She’s breathless. Flawless. I have this image of her painted perfectly in my mind. Watching Y/N come, makes me come, so I make quick work to pull her off my lap. And she knows exactly what I want–to fuck my release down her throat.
 Her mouth is as warm as her pussy, and I let out hitched breaths and harsh grunts when she swallows me whole. I’m relentless when forcing her head down on my cock as I facefuck her. The gurgling noises she makes are obscene. Pornogrpahic, even. 
 And what caused my come to shoot through her mouth is seeing that she’s still massaging her clit, eventually squirting all over her wooden floors. 
 My hips stutter and I throw my head back to moan into the air. “Fuck, Y/N! That’s my fucking girl. Look at you making a mess while choking on my cock and swallowing my come.”
 Y/N takes it upon herself to wrap her lips tighter around my cock and massage my balls, ensuring every single last of my nut has released in her mouth. I take it for a while, but I soon become sensitive, practically feeling my skin being sucked off.
 “Easy now, angel,” I say through an airy chuckle. I pull my cock out and her mouth echoes a pop sound. 
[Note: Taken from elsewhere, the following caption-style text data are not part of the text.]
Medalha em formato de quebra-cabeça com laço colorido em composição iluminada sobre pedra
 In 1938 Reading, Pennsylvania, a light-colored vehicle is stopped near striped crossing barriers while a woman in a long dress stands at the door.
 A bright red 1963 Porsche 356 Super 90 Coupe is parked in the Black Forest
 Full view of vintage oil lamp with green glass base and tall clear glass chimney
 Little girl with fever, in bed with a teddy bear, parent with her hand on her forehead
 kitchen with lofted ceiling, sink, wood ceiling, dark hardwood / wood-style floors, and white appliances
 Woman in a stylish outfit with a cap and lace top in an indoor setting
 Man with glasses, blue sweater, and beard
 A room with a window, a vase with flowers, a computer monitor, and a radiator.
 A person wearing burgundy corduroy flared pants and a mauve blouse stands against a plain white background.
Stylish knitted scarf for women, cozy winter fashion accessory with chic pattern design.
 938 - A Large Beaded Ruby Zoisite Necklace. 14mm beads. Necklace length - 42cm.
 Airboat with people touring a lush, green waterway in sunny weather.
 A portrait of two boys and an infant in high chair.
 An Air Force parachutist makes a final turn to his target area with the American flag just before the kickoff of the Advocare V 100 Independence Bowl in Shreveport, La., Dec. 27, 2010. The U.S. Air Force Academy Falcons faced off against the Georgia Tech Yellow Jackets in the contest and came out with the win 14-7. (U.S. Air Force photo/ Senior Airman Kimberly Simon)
 She whines a little because I’m no longer in her mouth and it causes me to smirk because it wasn’t too long ago where she acted like she hated me. 
 My hand grasps her chin and guides it upwards to meet with my eyes. “You swallowed for me, Y/N? Open up.” She nods, sticking her tongue out. “Perfect.”
 “You’re going to fuck me again?” She asks, catching her bottom lip between her teeth.”
 Gosh, this woman will be the death of me.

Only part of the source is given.